Hangi nedenlerle böyle oldu? Bunları ileride tartışacağız.
Ana konumuza, İranlı yetkiliyle görüşmemize dönelim.
Türkiye’yle ilgili ikinci iddiası, Kasım Süleymani’yle ilgiliydi.
İranlı muhatabım, altını çizerek anlattı.
Süleymani, 15 Temmuz 2016 darbe sürecinde Türkiye’ye geliyor. Cumhurbaşkanı Recep Tayyip Erdoğan’la görüşüyor. İran’ın desteğini sunuyor.
İran tarafı 15 Temmuz konusunda zaten hep şunu vurguladı:
“Darbe sürecinde Türkiye’ye ve Erdoğan’a desteğimizi en güçlü şekilde gösterdik.”

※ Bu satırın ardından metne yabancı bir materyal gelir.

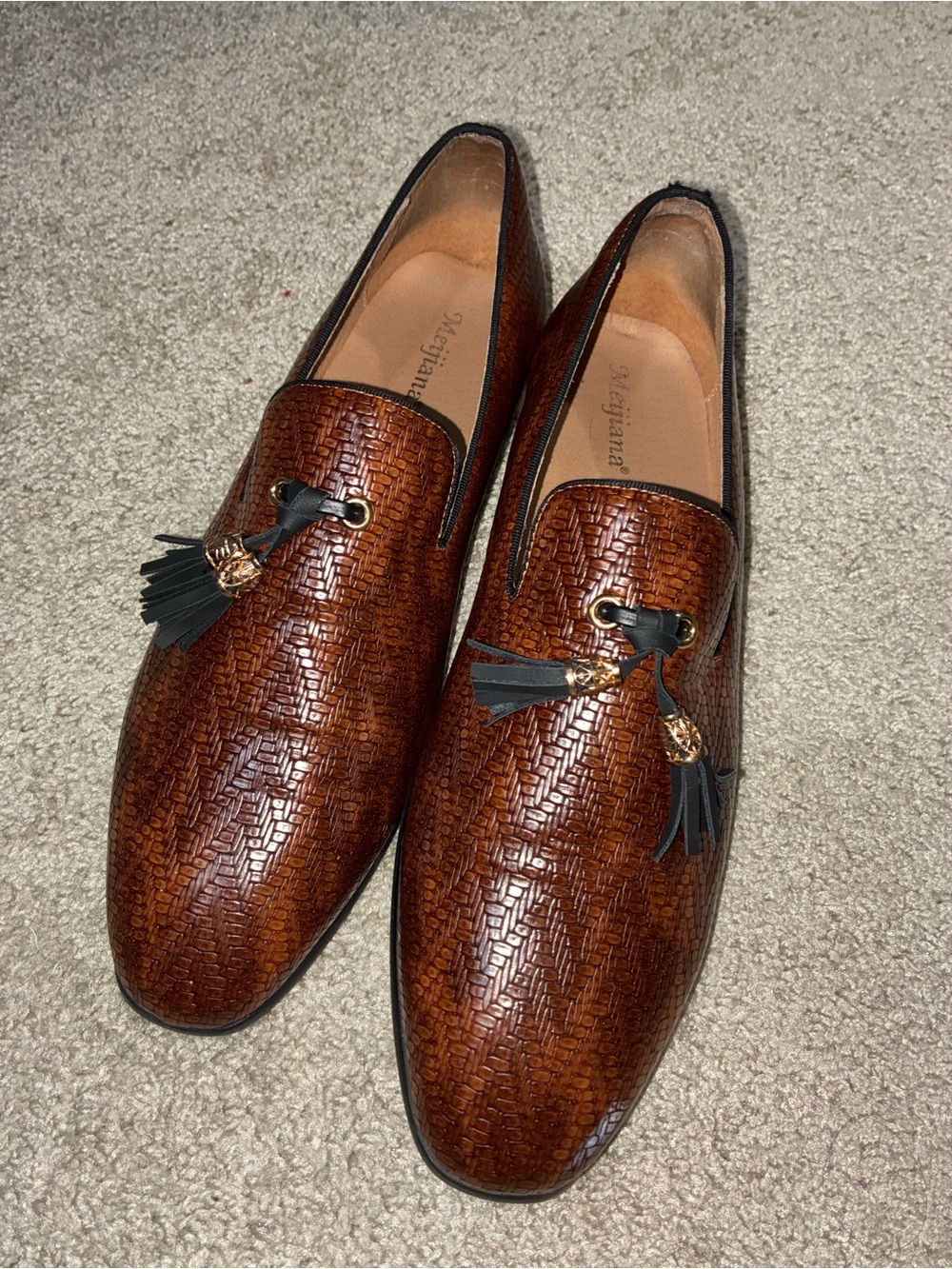 Amazon Men's Woven Tassel Slip-On Loafers in Brown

Not: Biliyorum, her devlet dış ilişkilerdeki pozisyonları kendi penceresinden nakleder.
Dolayısıyla taraflardan birinin anlatımı eksik ya da farklı olabilir.
Ayrıca, iki iddiayı da henüz teyid ettiremedim. Açıklama gelirse haberiniz olur.
Süleymani’nin Moskova temaslarıyla devam edelim.
İranlı muhatabım altını çizerek anlattı. Müzakereyi Süleymani yürütüyor. Devlet Başkanı Vladimir Putin’le de görüşüyor.
Rus tarafı ikna olmuyor hemen.
Bu arada ABD, IŞİD bahanesiyle Suriye’de birbirine bağlı iki adım atıyor (Ağustos 2014’ten itibaren).
PKK/PYD’ye hava gücü ve silah desteği veriyor önce.
Askeri üsler kurmaya başlıyor ardından.
ABD tehdidi büyüyünce Putin, Suriye’deki çatışma denklemine katılmayı kabul ediyor.
Moskova, mayınlı bir araziye girerek büyük risk alıyor aslında.
Çünkü Suriye’de ABD ve İngiltere gibi iki küresel güç... Türkiye, İran gibi iki bölgesel güç... İsrail gibi özel bir devlet... Ve sayısız milis ve terör örgütü var...
Daracık ve mayınlı bir alan...
Moskova, savaşın devletler katına sıçrama riskini bilecek devlet aklına sahipti.
Anton Çehov’un tanıklığına da ihtiyacı yoktu. Silahlar, duvarda süs olarak durmazdı...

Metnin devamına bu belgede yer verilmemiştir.